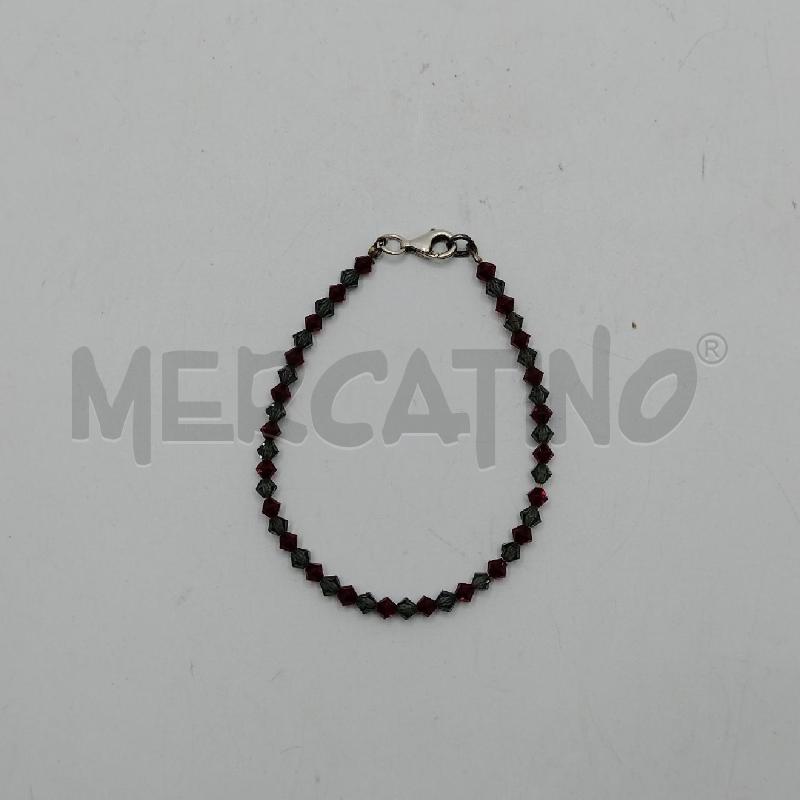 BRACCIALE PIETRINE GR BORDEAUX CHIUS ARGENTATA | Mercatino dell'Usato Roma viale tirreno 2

--

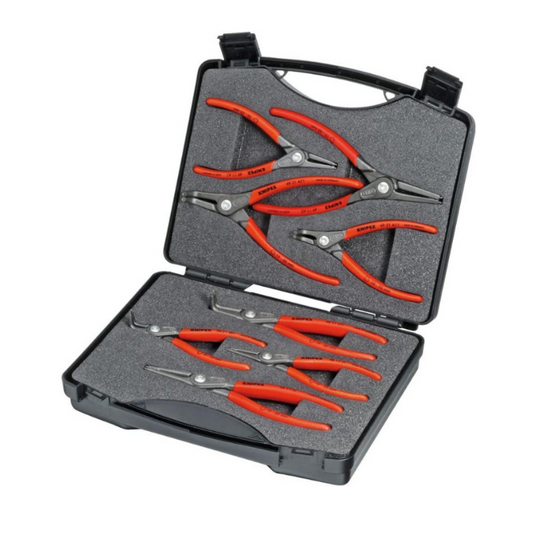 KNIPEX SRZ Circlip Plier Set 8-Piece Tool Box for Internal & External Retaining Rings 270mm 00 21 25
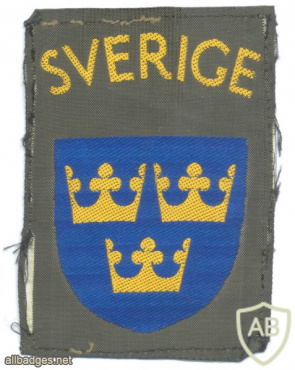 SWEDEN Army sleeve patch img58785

---

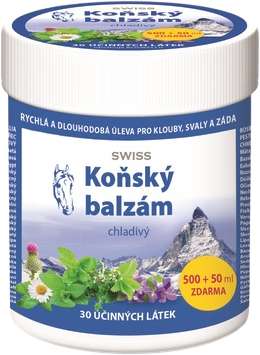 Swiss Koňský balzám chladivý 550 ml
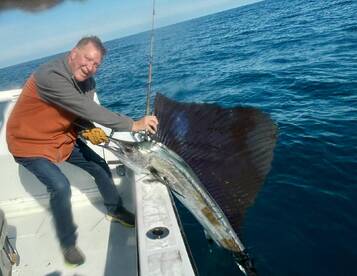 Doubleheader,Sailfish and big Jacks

* _Exercise details_: Drop the pictures; return the lines above from the line containing "KNIPEX SRZ Circlip" to the line containing "SWEDEN Army sleeve patch img58785", both included, exactly.

* _Result for this task_:
 KNIPEX SRZ Circlip Plier Set 8-Piece Tool Box for Internal & External Retaining Rings 270mm 00 21 25
 SWEDEN Army sleeve patch img58785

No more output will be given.